INFORMATION SUPPLIED:
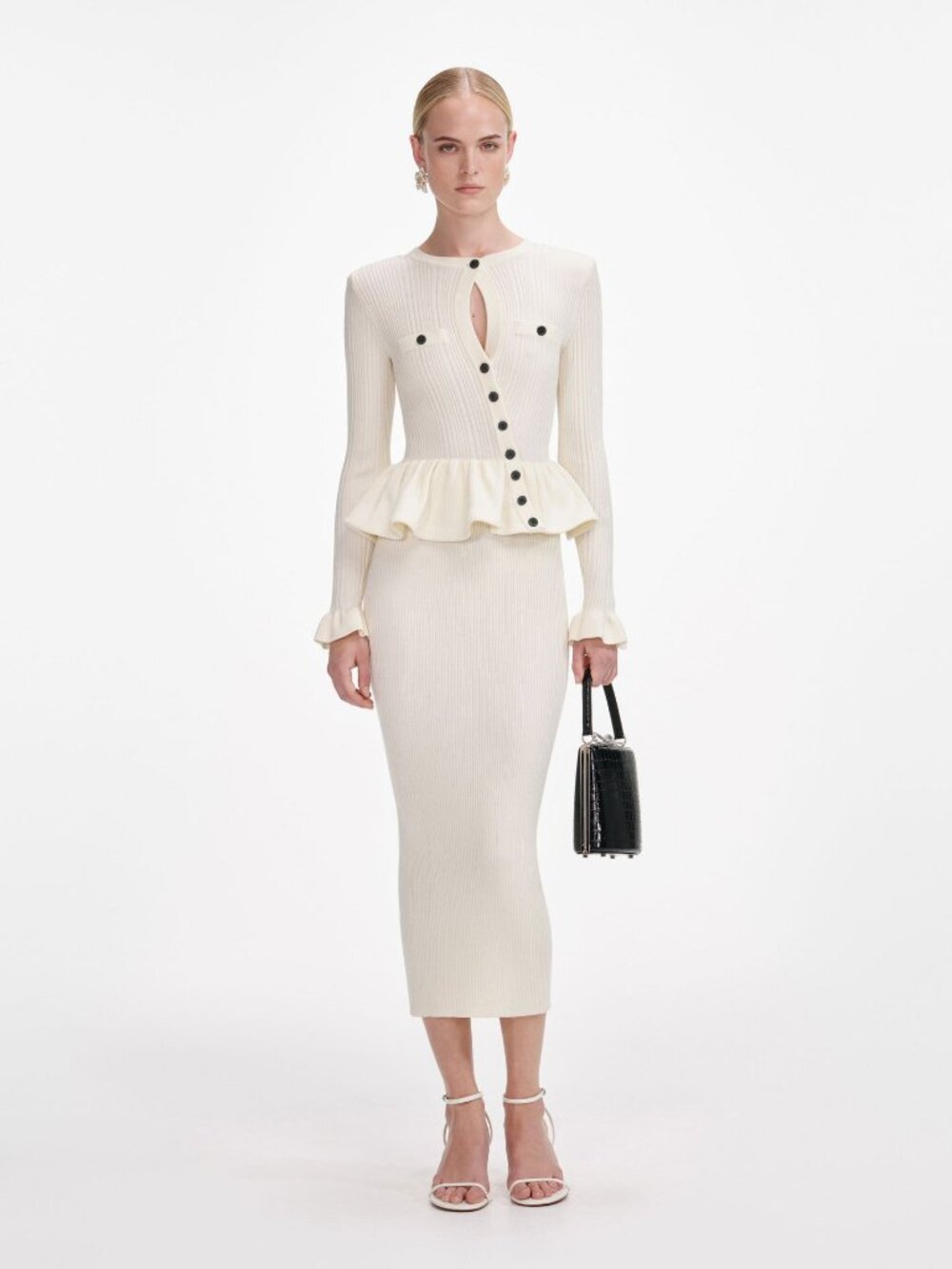 Self-Portrait $665 Wool Blend Asymmetric Peplum Knit Midi Dress Cream XS NWT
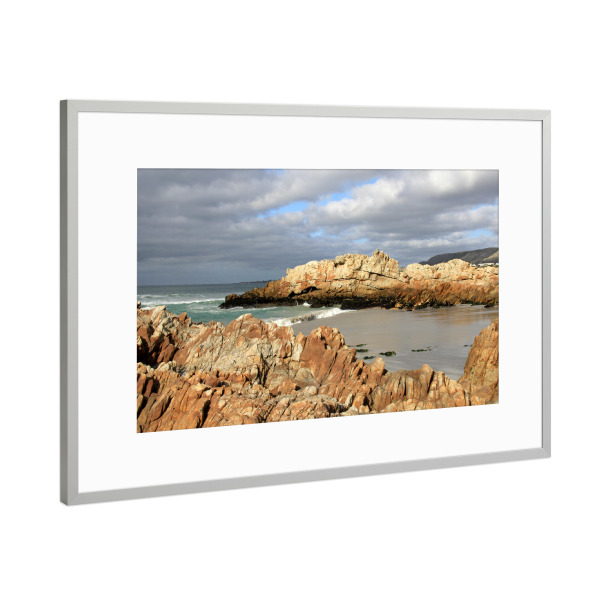 Poster mit Rahmen Silber "Goldener Küstenstreifen" artboxONE - Natur,Reise / Strand und Meer,Reise / Afrika,Reise / Länder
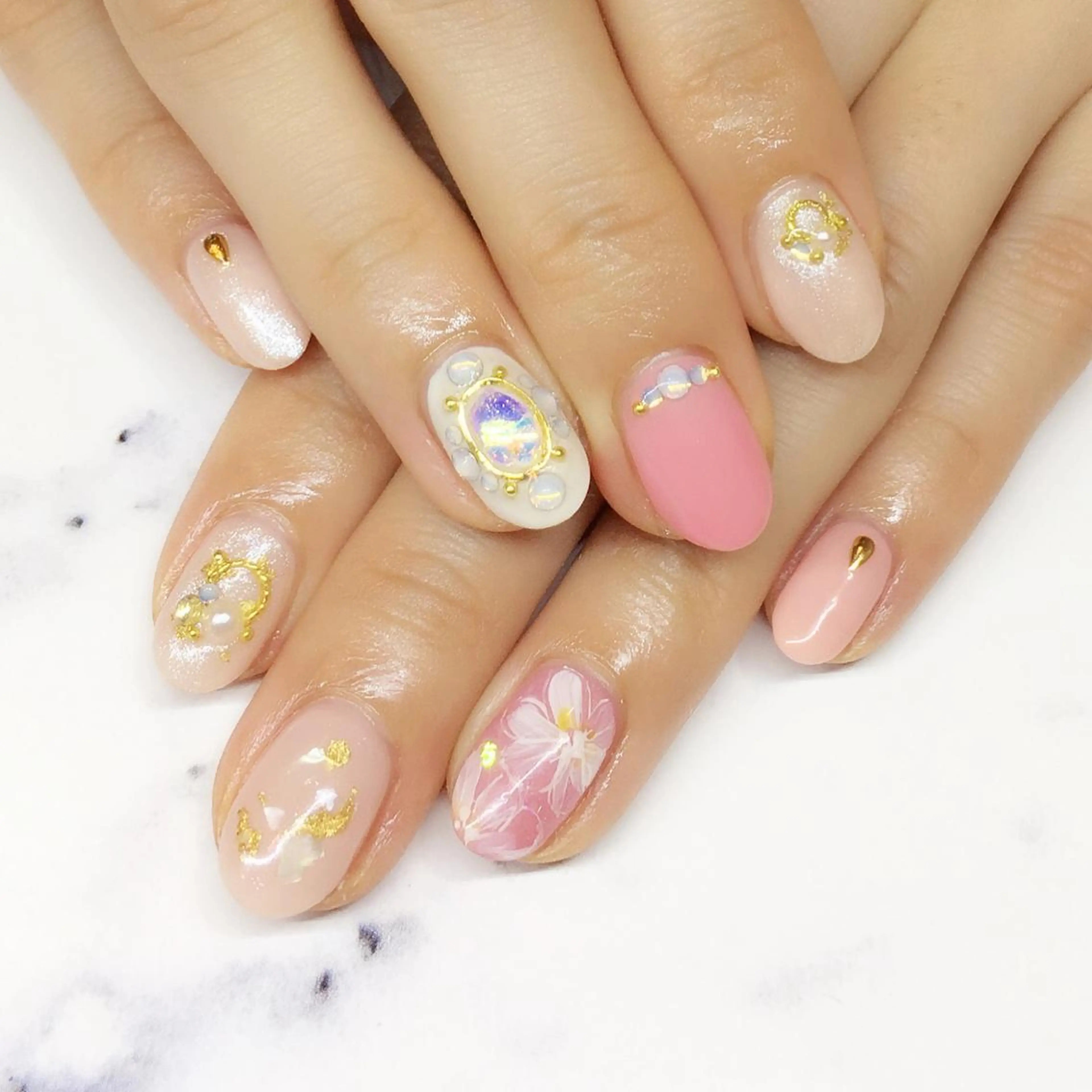 ネイル アートネイル ジェルネイル ピンク nail salon Soeurのネイルデザイン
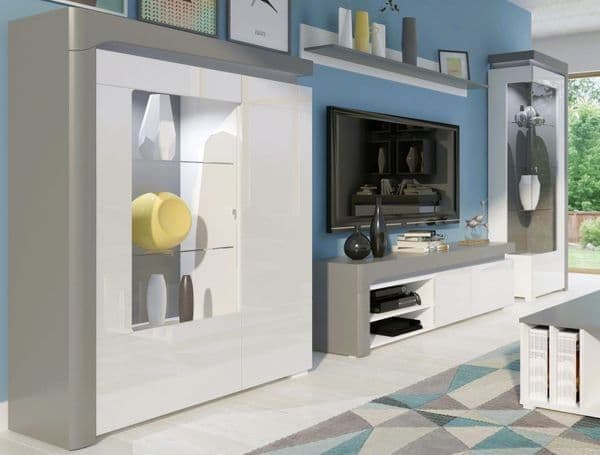 Athens Grey & White Gloss Display Cabinet with LED Lights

EXERCISE DIRECTIONS: Please output the material as written, apart from the images.

OUTPUT FOR THIS EXERCISE:
 Self-Portrait $665 Wool Blend Asymmetric Peplum Knit Midi Dress Cream XS NWT
 Poster mit Rahmen Silber "Goldener Küstenstreifen" artboxONE - Natur,Reise / Strand und Meer,Reise / Afrika,Reise / Länder
 ネイル アートネイル ジェルネイル ピンク nail salon Soeurのネイルデザイン
 Athens Grey & White Gloss Display Cabinet with LED Lights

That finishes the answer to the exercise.